Hayk Sargsyan — Mon, 09 Mar 2026 16:45:25 +0000

Photo by Denis N. on Unsplash

For a professional JavaScript developer, moving to TypeScript often feels like "cleaning up the room." But for those who look closer, TypeScript isn't just JavaScript with types; it is the spiritual successor to C# for the web. Understanding this connection is the shortcut to mastering backend architecture and high-scale systems.

The Hejlsberg Lineage

The most critical secret is that both languages share a father: Anders Hejlsberg.

Hejlsberg led the design of C# at Microsoft before creating TypeScript in 2012.
Because of this, the "feel" of the languages, how they handle generics, interfaces, and asynchronous patterns - is nearly identical.
Learning TypeScript is, in many ways, an onboarding process for modern C# and .NET.

Write Once, Understand Both

If you can read complex TypeScript, you can already read 80% of modern C#.
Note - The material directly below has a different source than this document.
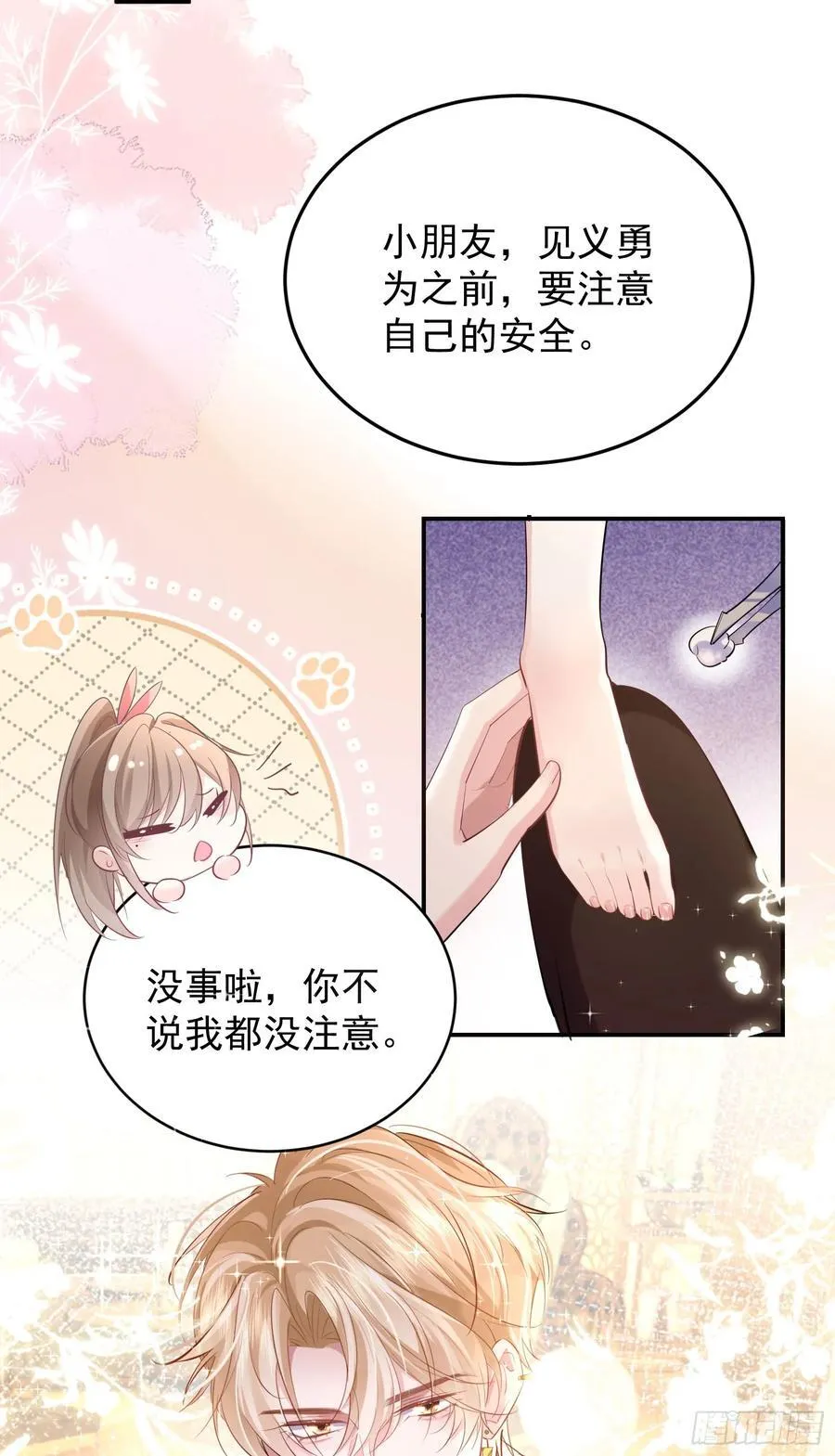 04 想要我吗~17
Async/Await: Both languages use the exact same keywords and mental model for non-blocking I/O.
Access Modifiers: Keywords like public, private, and protected function similarly in both environments to enforce encapsulation.
Arrow Functions vs. Lambdas: What you call an "arrow function" in JS, a C# dev calls a "lambda expression" using the same => token.
Generics: The syntax for reusable components - List in C# and Array in TS - is virtually interchangeable.

Photo by MJH SHIKDER on Unsplash

The "Erasure" vs. "Reified" Distinction

The realization for engineers is understanding where they diverge: The Runtime.

TypeScript uses Type Erasure. Types exist only at compile-time to help the developer, once it hits the browser/server, it’s just "naked" JavaScript.
C# uses Reified Types. Type metadata stays with the code at runtime, allowing for powerful features like Reflection (inspecting code at runtime) that TypeScript cannot do natively.

The Full-Stack Bridge

Engineers use this connection to bridge the gap between frontend and backend.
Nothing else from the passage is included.